More classic cars selling in more places

Let’s start with the latter point. No surprise, online auctions continued to grow. In 2021, more vehicles sold on dedicated enthusiast vehicle platforms than they did at live auctions for the first time. However, live auction also grew considerably (mostly thanks to Monterey Car Week), posting their highest sales since 2018.

Most important, the private market also posted big growth. We say most important because the private market (which we're able to observe thanks mostly to anonymized data from our insurance business) remains the place where nearly 90 percent of transactions actually happen.

Car collectors are getting younger

So, the collector car market grew in 2021. Will it keep growing, long term? We think so, largely because of who is driving the growth. Specifically, we continue to see more and more enthusiasts born after 1964 joining the fray. Gen-Xers, millennials, and Gen-Zers now constitute the majority of people calling Hagerty for quotes on collector car insurance, and that majority continues to grow stronger. Much of this shift is explained by enthusiasts in their 40s and 50s entering their peak earning years, but even twentysomethings are making their presence felt.

Defining the market by generation has its limitations—namely that we tend to fixate on the areas where collectors' tastes differ when the vast majority of them like the same stuff (i.e.: muscle cars). Still, it doesn't surprise us that the hottest segments of the market happen to be the newer classics that these younger collectors tend to love.

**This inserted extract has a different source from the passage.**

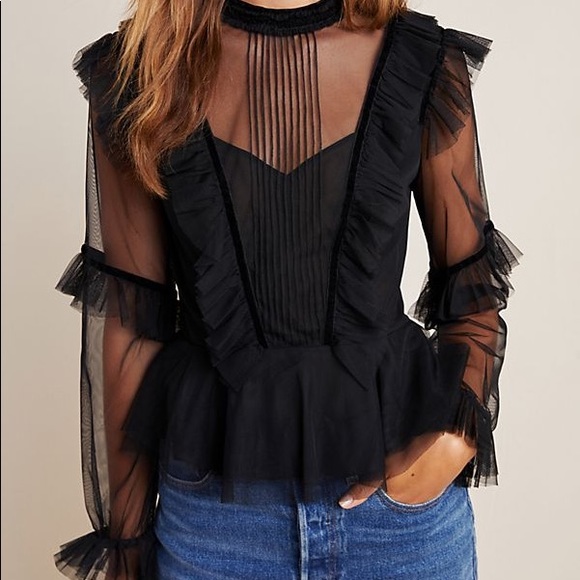 Anthropologie Maggie Sheer Victorian Blouse Geisha - Picture 3 of 8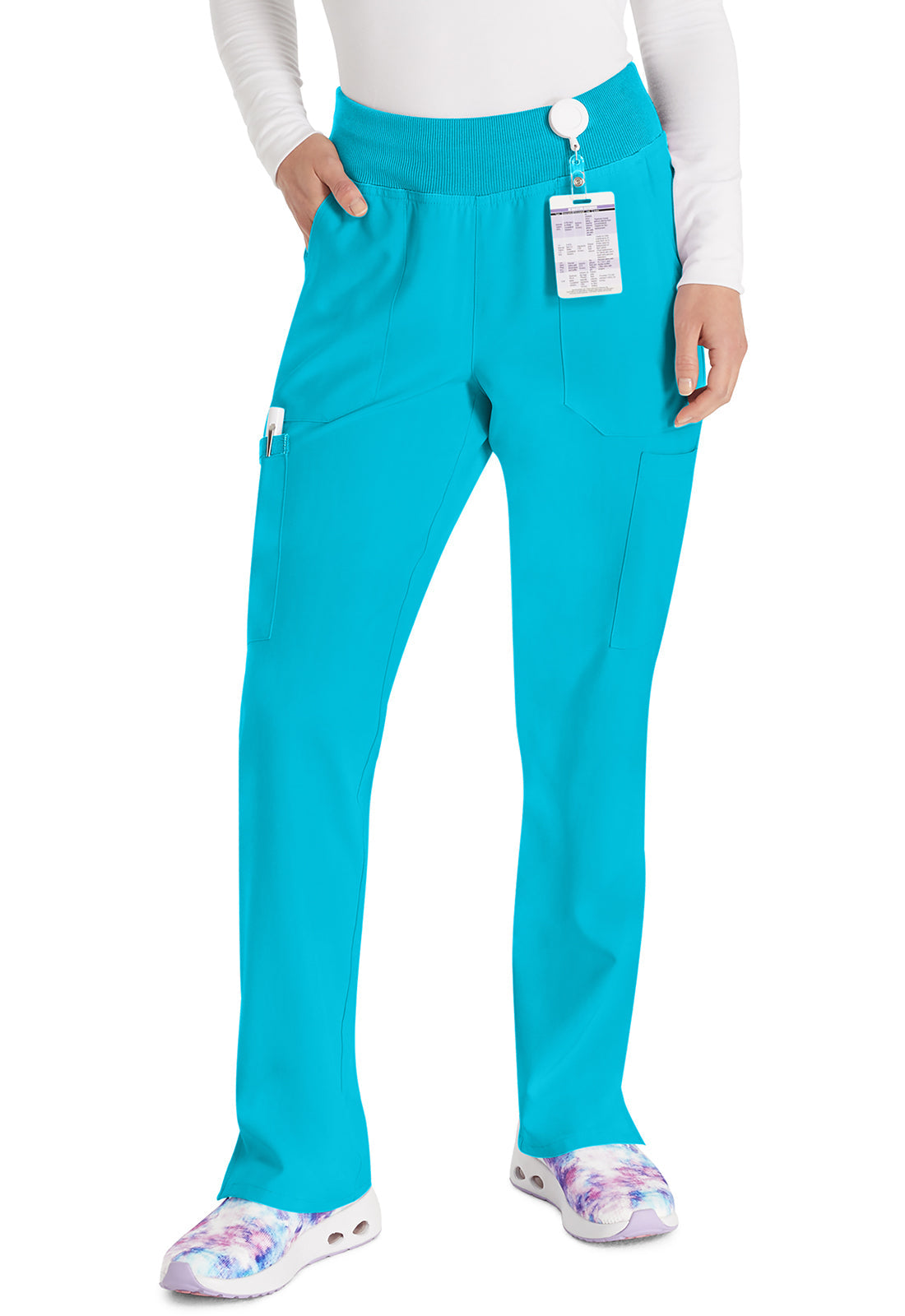 Women's Natural Rise Tapered Leg Pull-On Pant - Turquoise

Note that the entrance of younger collectors doesn't require the exodus of older ones. Baby boomers remain highly active in the market and continue to dominate its upper echelons. For the foreseeable future, that means more enthusiasts will be chasing a widening subset of cars they consider collectible. That, more than any record sale or change in the economic winds, makes us optimistic about the state of the collector car market in 2022 and well beyond.